Given information START

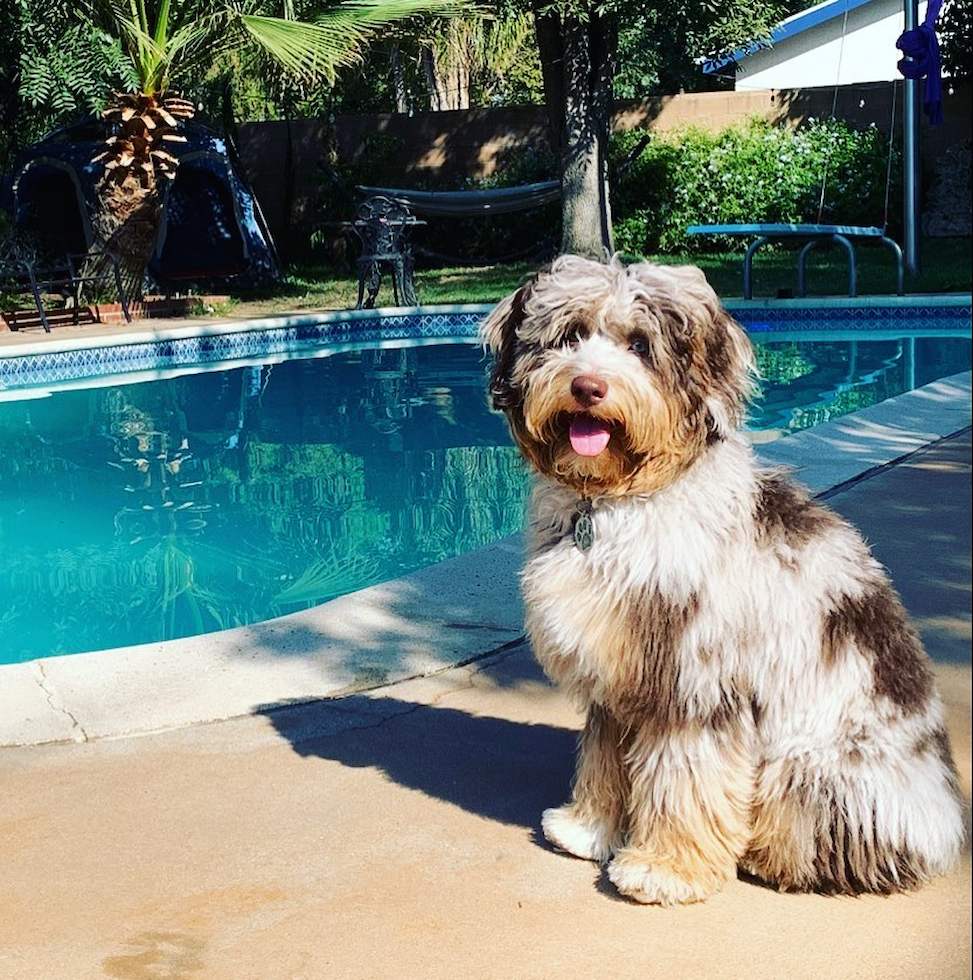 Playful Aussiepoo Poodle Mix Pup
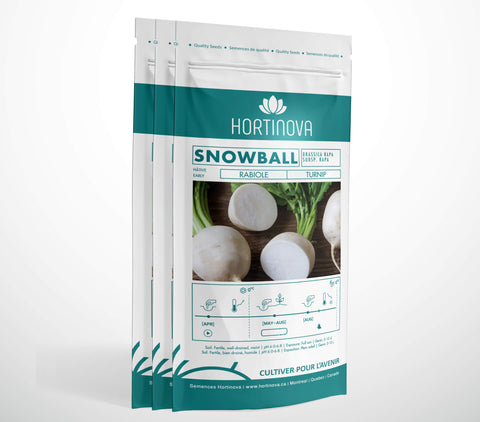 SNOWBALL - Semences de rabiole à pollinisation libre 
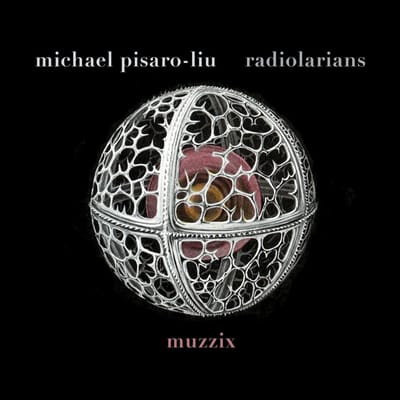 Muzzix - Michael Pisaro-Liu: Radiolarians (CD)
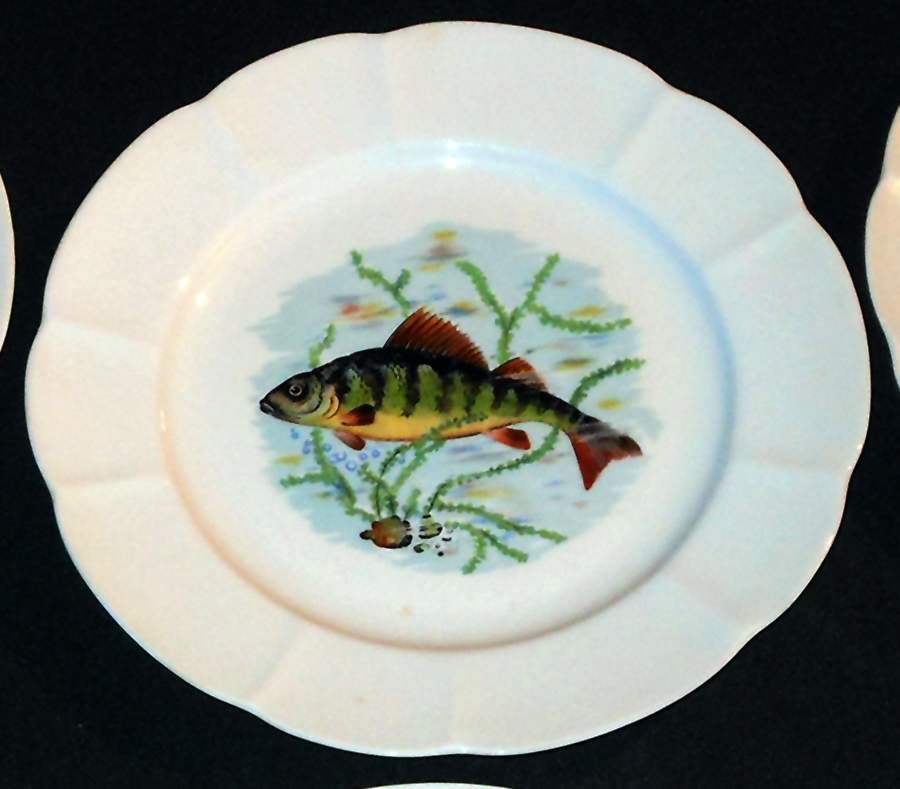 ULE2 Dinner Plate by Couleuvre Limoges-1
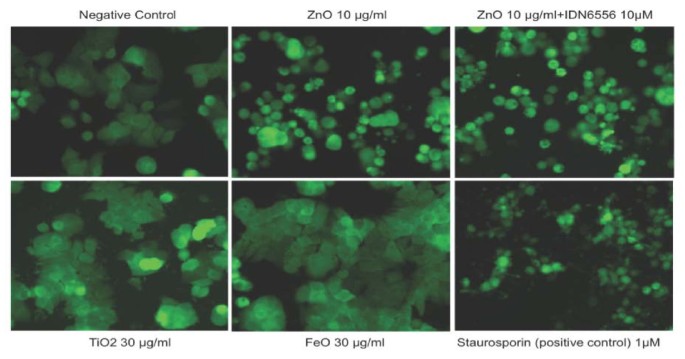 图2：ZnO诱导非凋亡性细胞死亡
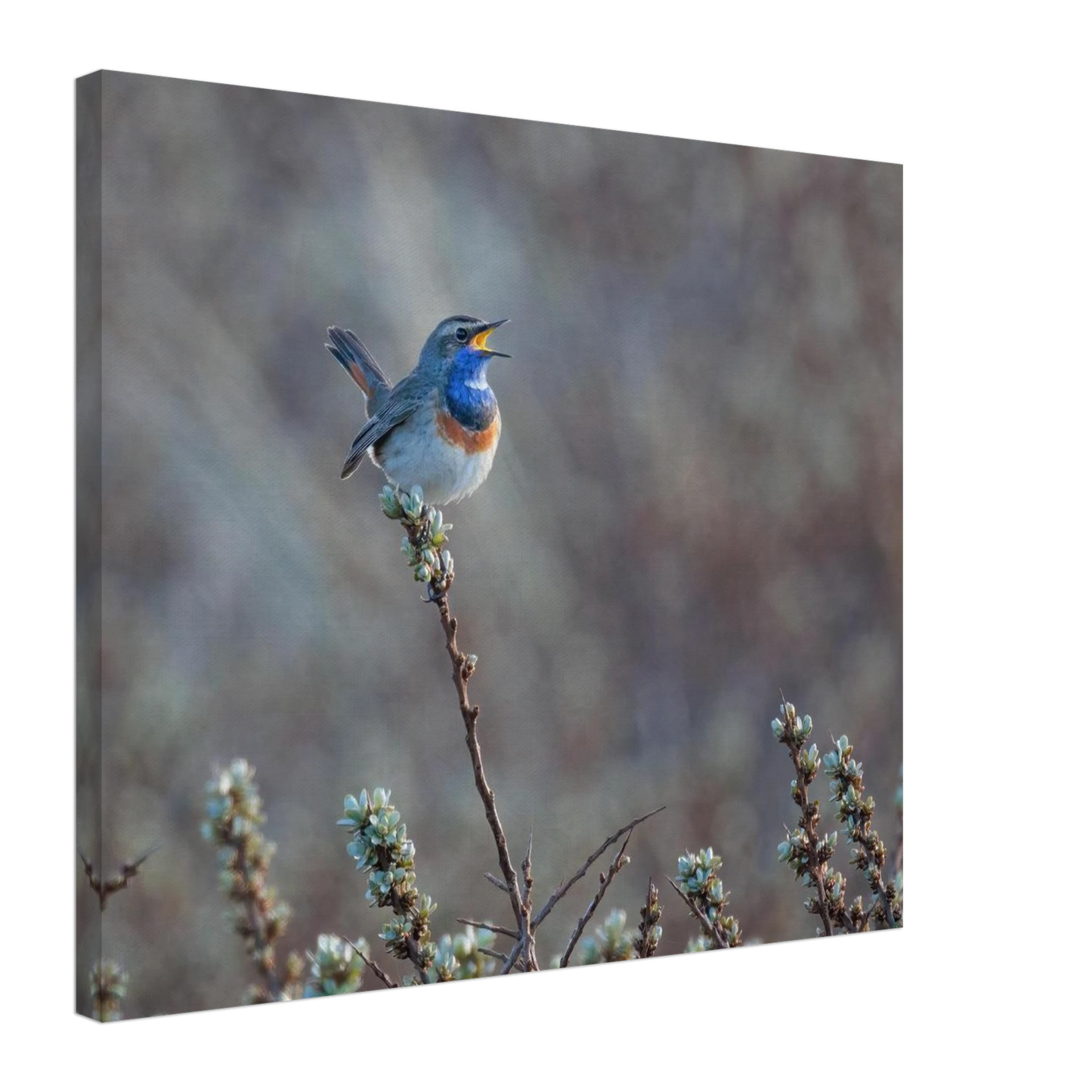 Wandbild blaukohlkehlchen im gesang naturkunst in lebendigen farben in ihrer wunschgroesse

Given information END

**Exercise description:**
Copy the records above exactly, leaving out every picture.

**Expected answer:**
 Playful Aussiepoo Poodle Mix Pup
 SNOWBALL - Semences de rabiole à pollinisation libre 
 Muzzix - Michael Pisaro-Liu: Radiolarians (CD)
 ULE2 Dinner Plate by Couleuvre Limoges-1
 图2：ZnO诱导非凋亡性细胞死亡
 Wandbild blaukohlkehlchen im gesang naturkunst in lebendigen farben in ihrer wunschgroesse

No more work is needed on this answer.